O modus operandi das forças repressivas estatais faz cair a máscara democrática e igualitária do regime político brasileiro. Este, em realidade, trata de maneira desigual cidadãos, tendo como uma dos principais marcadores de desigualdade a cor, isto é, um odioso sistema racista. Um estudo recente realizado pelo Instituto de Pesquisa Econômica Aplicada (Ipea) comprova esse fato.
O estudo Entrada em Domicílio em Caso de Crimes de Drogas: geolocalização e análise quantitativa de dados a partir de processos dos tribunais da Justiça estadual brasileira tomou por base um estudo do perfil dos presos por tráfico de drogas que analisou manso de 5 mil processos no país em 2019. O enfoque do estudo recente é a entrada em domicílio para busca de drogas por parte dos agentes da repressão com ou sem mandato. A pesquisa analisou cinco capitais representativas de cada região do país, sendo Brasília no Centro-Oeste, Curitiba no Sul, Manaus na região Norte, Fortaleza no Nordeste e Rio de Janeiro na região Sudeste.
Dos casos analisados, revelou-se que, das 307 entradas nas cinco cidades, 84,7% foram em bairros predominantemente negros e 91% em bairros com renda mensal per capita de até um salário mínimo. Não houve nenhum registro de entrada em bairros com renda superior a dez salários mínimos.
A pesquisa mostrou ainda que a motivação alegada foram:
“… o patrulhamento de rotina ou a abordagem com base em comportamento suspeito (indicado em 32,5% dos processos) e a denúncia anônima (30,9% dos processos). Em menor proporção, foram registradas como motivação para a abordagem a existência de denúncia não anônima (7,2%) e o cumprimento de mandados de busca e apreensão (6,0%)”.
E ainda:
Em mais da metade dos casos em que houve entrada não foram encontrados registros sobre o consentimento para sua ocorrência; em cerca de um terço havia alguma informação sobre ter havido o franqueamento; apenas em 3% havia registro da negativa de autorização; e em 7% dos processos houve versões conflitantes sobre a autorização para a entrada em domicílio
O estudo conclui afirmando existir uma “seletividade sociorracial e geográfica” na busca domiciliar contra a população negra e pobre, existindo também uma imunidade absoluta dessa busca em bairros mais ricos e brancos. O direito constitucional da inviolabilidade do lar é, via de regra, respeitado pelas forças de repressão quando se trata da população branca de classe média e, sobretudo, rica. Esse mesmo direito constitucional da cidadania é eliminado, quando se trata da população negra e pobre, cujas buscas, no contexto da chamada guerra às drogas, recai quase que exclusivamente sobre si.

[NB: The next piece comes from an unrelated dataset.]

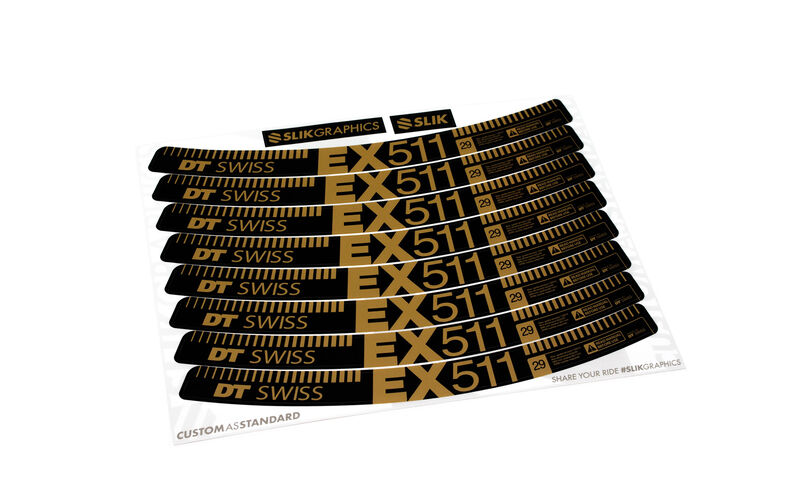 KIT DE STICKERS CUSTOM POUR JANTES EX 511 GOLD MATT 29"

Outro detalhe importante é que as buscas não são motivadas por sólida investigação, quase inexistente no País, e autorização judicial, mas por patrulhamento de rotina ou abordagem com base em comportamento suspeito (32,5%) e denúncia anônima (30,9%) – isto é, sustentam-se apenas com base na palavra do agente policial. Sendo a entrada sem autorização judicial um crime que fere o direito constitucional de inviolabilidade do lar, salvo em flagrante delito, as entradas policiais têm necessariamente que apresentar posteriormente algo de ilícito para justificar tal entrada como flagrante delito.
A pesquisa corrobora, uma vez mais, com a compreensão de que o negro e o pobre tem seus direitos sistematicamente negados, sendo perseguidos pelo estado nacional, principalmente por meio das instituições repressivas, assim como o palestino é perseguido pelo Estado de “Israel”. Esse fato denuncia também a política identitária que camufla a perseguição política do negro, como se esse fosse oprimido, não pelo Estado, órgão de classe da burguesia, mas por uma ideologia racista que as pessoas compartilham, um meio de camuflar a real situação do negro como oprimido e as tarefas políticas para derrotar seus opressores, que não são outros que o Estado burguês e a burguesia nacional e internacional.